Interior Secretary Ryan Zinke will hear opposing views on two Nevada national monuments when his ongoing review touches down in the Silver State.

The Interior Department has not announced the visit, but Nye County Commission Chairman Dan Schinhofen said he and other local officials are scheduled to meet with Zinke on Monday at the community center in Overton, 65 miles northeast of Las Vegas.

A congressional aide confirmed the visit, saying Zinke’s schedule includes a meeting in Mesquite with the monument advocacy and stewardship group Friends of Gold Butte at 10 a.m., followed by a roundtable with state and local officials in Overton at noon.

In anticipation of Zinke’s visit, U.S. Sen. Catherine Cortez Masto, D-Nev., released a video Wednesday touting the wonders of the state’s national monuments.

Review progressing

Zinke is in the midst of reviewing 22 national monuments and five marine national monuments created by presidential decree since Jan. 1, 1996, to determine if the designations should be scaled back or eliminated. The Interior Department announced Wednesday that Zinke will be in New Mexico for three days starting Thursday to tour the Organ Mountains-Desert Peaks National Monument near Las Cruces.

Two Obama-era monuments in Nevada are on the list created by President Donald Trump’s review order: Gold Butte, on 297,000 acres of federal land in northeastern Clark County, and Basin and Range, on 704,000 acres of federal land in remote Lincoln and Nye counties.

Schinhofen said Zinke can expect an earful from him about Basin and Range, which he said was designated by President Barack Obama in July 2015 over the objections of Nye County officials.

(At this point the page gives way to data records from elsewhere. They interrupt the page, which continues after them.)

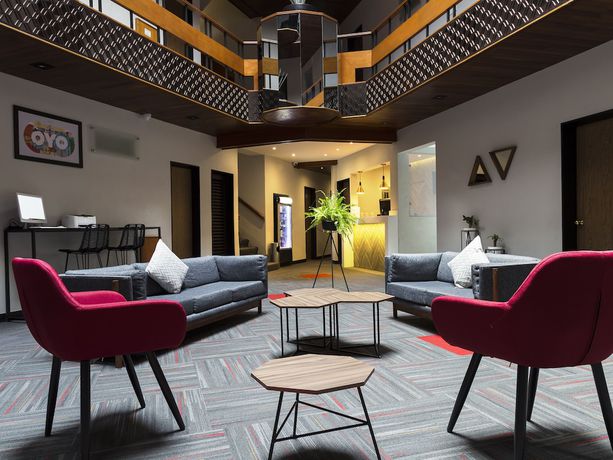 Imagen de los interiores del Hotel Marti. Foto 15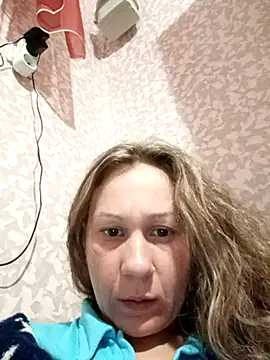 Snapshot of NormaHall chatting on 10/31/25, 02:45 NormaHall online show from 10/31/25, 02:45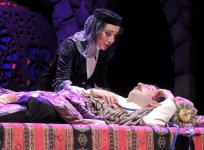 Потрясающая история любви и надежды Али и Нино в театре (ФОТО)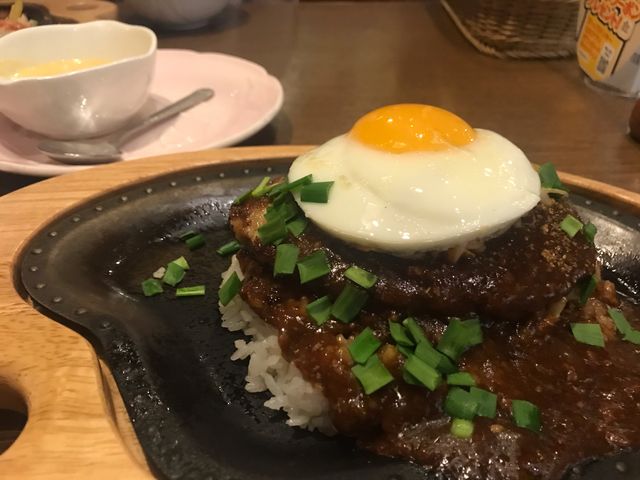 麻婆味バーグ_びっくりドンキー黒崎店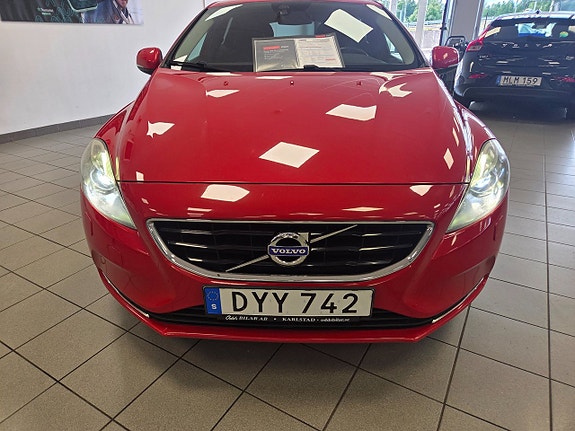 Volvo V40 14 of 20
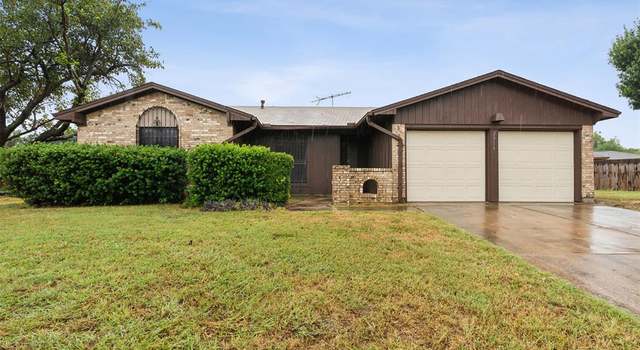 Photo of 2313 Windsor Ct, Bedford, TX 76022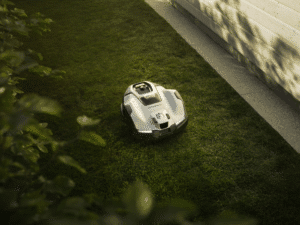 Die NERA 405VE und 410VE von Husqvarna pflegen den Garten präzise auch in den dunkelsten Ecken.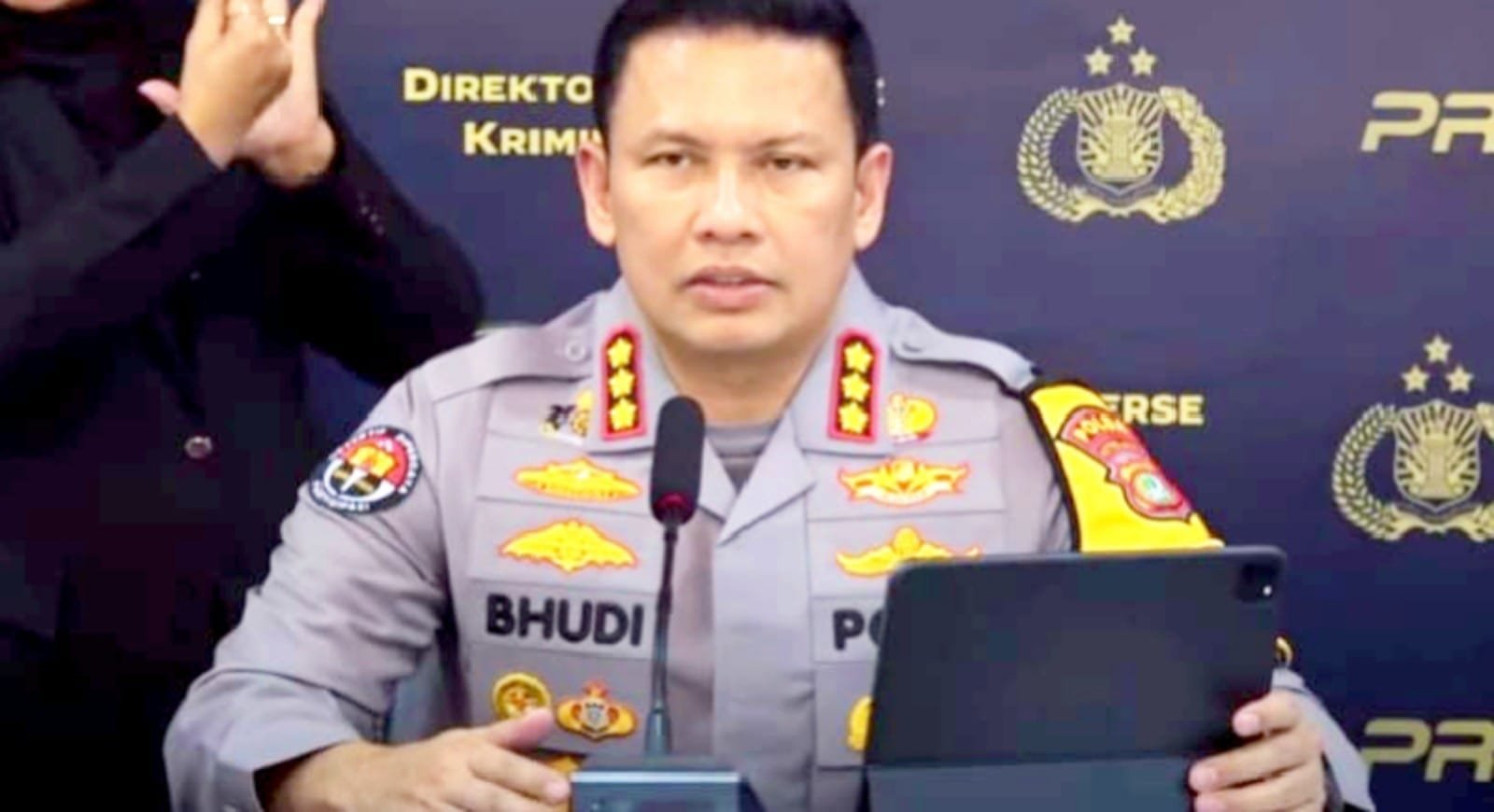 Polisi Buka Paksa Ruko Cipete Jakarta Selatan, Sejumlah Barang Bukti Diamankan img 20260710 wa0013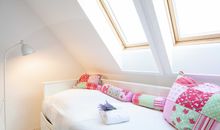 Das erste Schlafzimmer mit ausziehbarem Kojenbett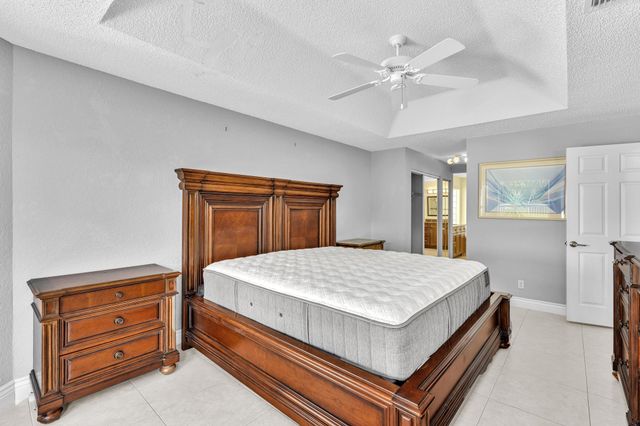 3760 Newport Avenue, Boynton Beach, FL 33436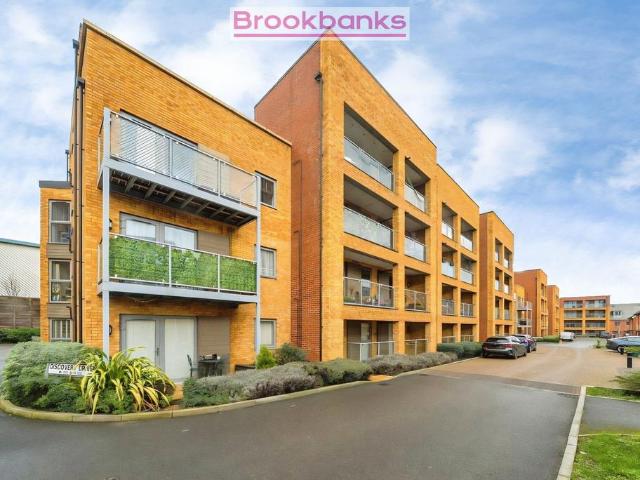 Flat for sale in Swanley, The Butts
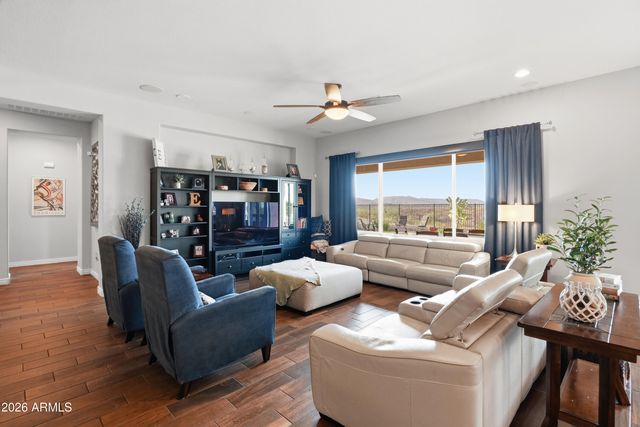 9998 W WHITE FEATHER Lane, Peoria, AZ 85383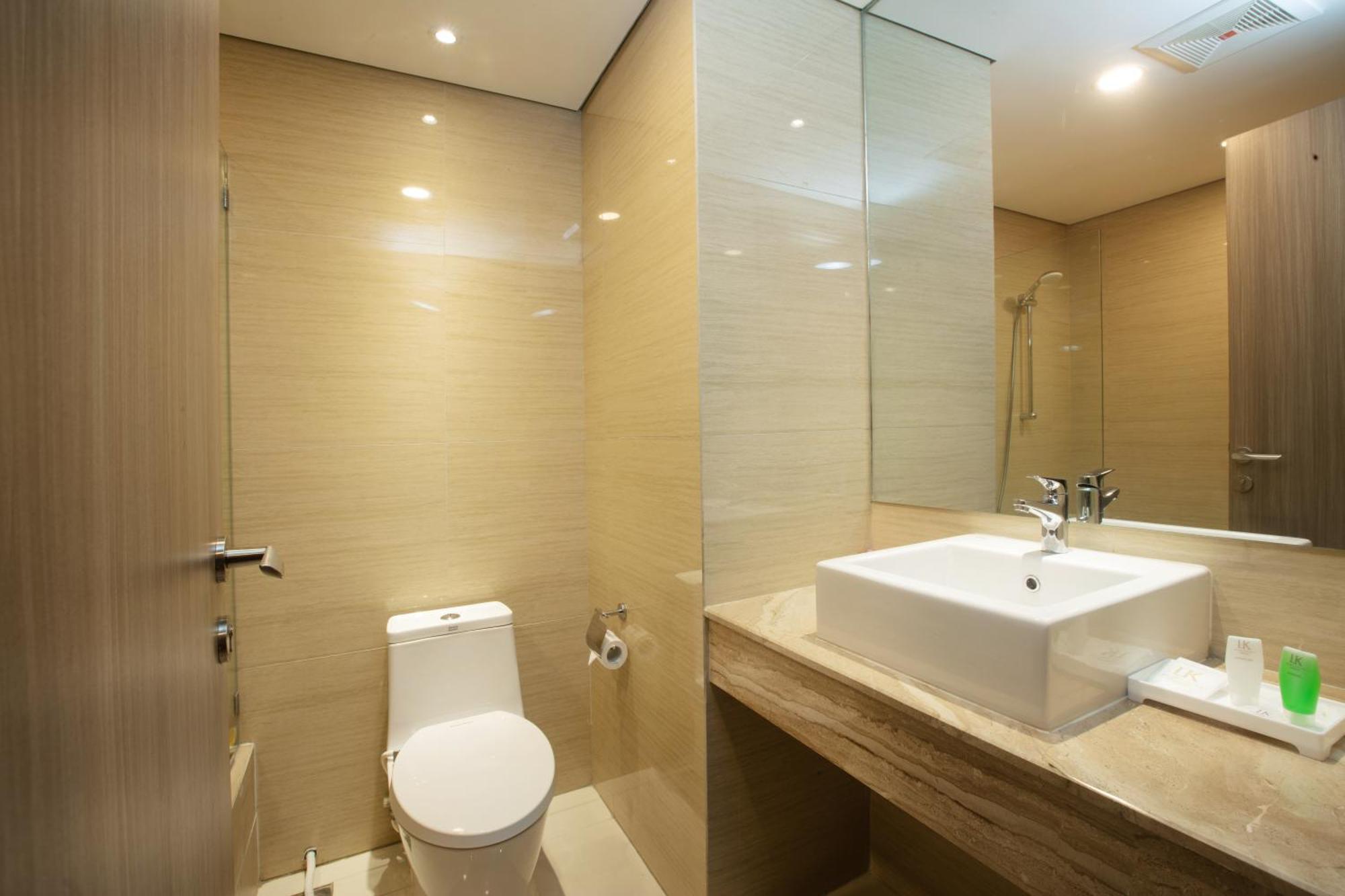 Louis Kienne Cikarang Hotel & Service Apartment Bekasi Exteriér fotografie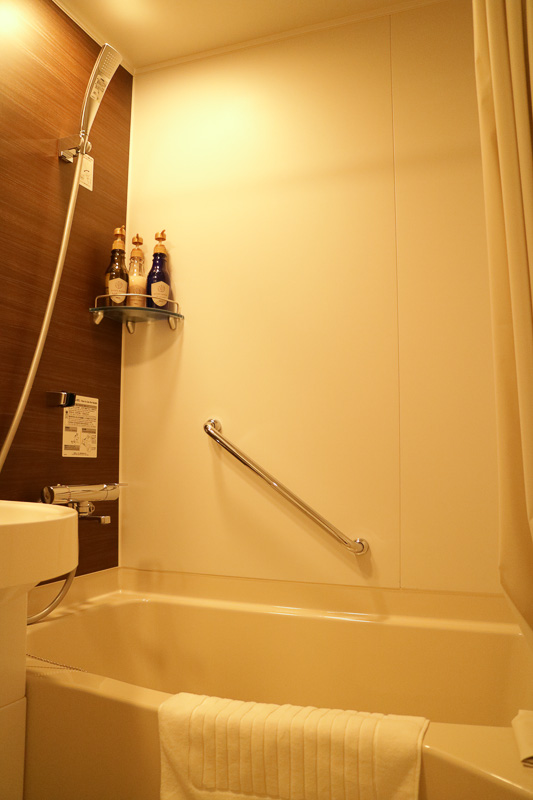 「スーペリア」と名前に付くものはトイレとバスが一緒のユニットタイプ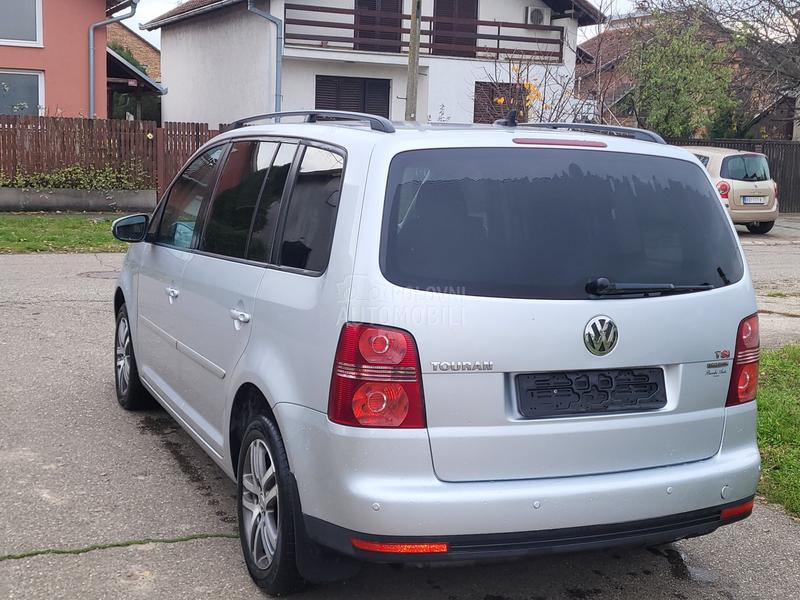 Volkswagen Touran 1.4 tsi  highline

“We don’t object to national monuments, but to take 700,000 acres to protect private property that represents less than 1 percent of that land seems excessive,” Schinhofen said. “We think it can be pared down.”

The private land he is referencing is “City,” the sprawling land sculpture, as big as the National Mall, that artist Michael Heizer has spent 45 years constructing on 200 acres in Garden Valley.

Schinhofen said the vast, empty monument that now surrounds Heizer’s “City” was owned by the federal government and not under threat from anything. “It’s so remote, they didn’t even do the ribbon cutting there” for the monument, he said.

Detailing benefits

In her two-minute video, Cortez Masto notes the tribal significance, historical artifacts, pristine lands and economic benefit that Basin and Range and Gold Butte provide.

The Nevada native and member of the Senate Energy and Natural Resources Committee, which oversees the Interior Department and its programs, said the two monuments contribute $156 million to the Nevada economy annually.

She said the state’s outdoor recreation industry accounts for 48,000 jobs. At the end of the video, she urges Zinke “to leave these important monument designations in place.”

It’s unclear who else has been invited to meet with Zinke in Nevada next week.

Schinhofen met with him during a June 26 stop in Pahrump, when the secretary promised to return to Nevada in July to learn more about Gold Butte and Basin and Range.

Zinke is expected to make final recommendations to Trump on whether to rescind or modify national monuments by the end of August.

His upcoming trip to New Mexico includes meetings with local stakeholders and tours of Organ Mountains-Desert Peaks by helicopter, horseback and foot. Other than a press conference Thursday afternoon, all of his scheduled events are closed to the media.